Yes, people have died from eating things that are poisonous but I believe there is a subtle communication between the spirits of all types of entities. Most of us have just lost the power to engage in that dialogue.

An Early Girl tomato just waiting to be plucked.

That word makes me think of Shakespeare. He was naughty and probably a Taurus.

If there is some force guiding the minds of men and women do we turn our collective attention toward things that we will need for our future?

Here is the first cucumber. It’s getting bigger. There will be others on this same vine.

A Japanese eggplant hanging outside it’s container environment.

We will be eating alot of eggplant soon. They are pretty tasty. I cooked the first two in August.

I have two in the house and these can go anytime. They don’t get very big.

Purple and green are a good combo. The cinnamon basil acutally tastes more like licorice basil. We have a freaking giant load of basil.

I need to get on some pesto.

Tarragon with it’s nice yellow blossoms sits next to the squash that is also a very late bloomer.

Haven’t seen a veggie bud yet.

I love the green on the Chili leaves. It’s wonderful. These chilis, at least when I’ve picked them — at a bright orange stage — are delicious and so attractive on nachos.

They are mild and have an interesting tang.

Stay tuned for these babies when the orange up.

I can make a unique transition form vegetable to art project.

I began making these “starlight” brooches months ago and had lots of fun doing so.

Here is my first with orange “fairy” lights and yellow split peas. I added the thin curled wire which comes in lovely shades

As a sort of tendril. This is the brown wire.
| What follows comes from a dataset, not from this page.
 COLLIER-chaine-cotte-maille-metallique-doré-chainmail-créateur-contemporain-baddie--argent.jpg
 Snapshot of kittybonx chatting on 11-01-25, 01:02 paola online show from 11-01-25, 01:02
It is used in beading and I get mine at the Beadman on Athens.

I’m planning on making a new batch of brooches and may put some in the Shasta Arts Council Holiday sale.

Then I can make lovely tags for them too.

Here is my

collection of wire, so far. they come in various gauges.

See that curled piece that looks like a giant pencil shaving? It’s a metal shaving I found near the railroad tracks.

I used to walk there at a time when the only art materials I could afford were thinks I found. I loved the rusty color.

Unfortunately, I picked up much more than I could use and most of it was heavy. I eventually learned to take only the small pieces.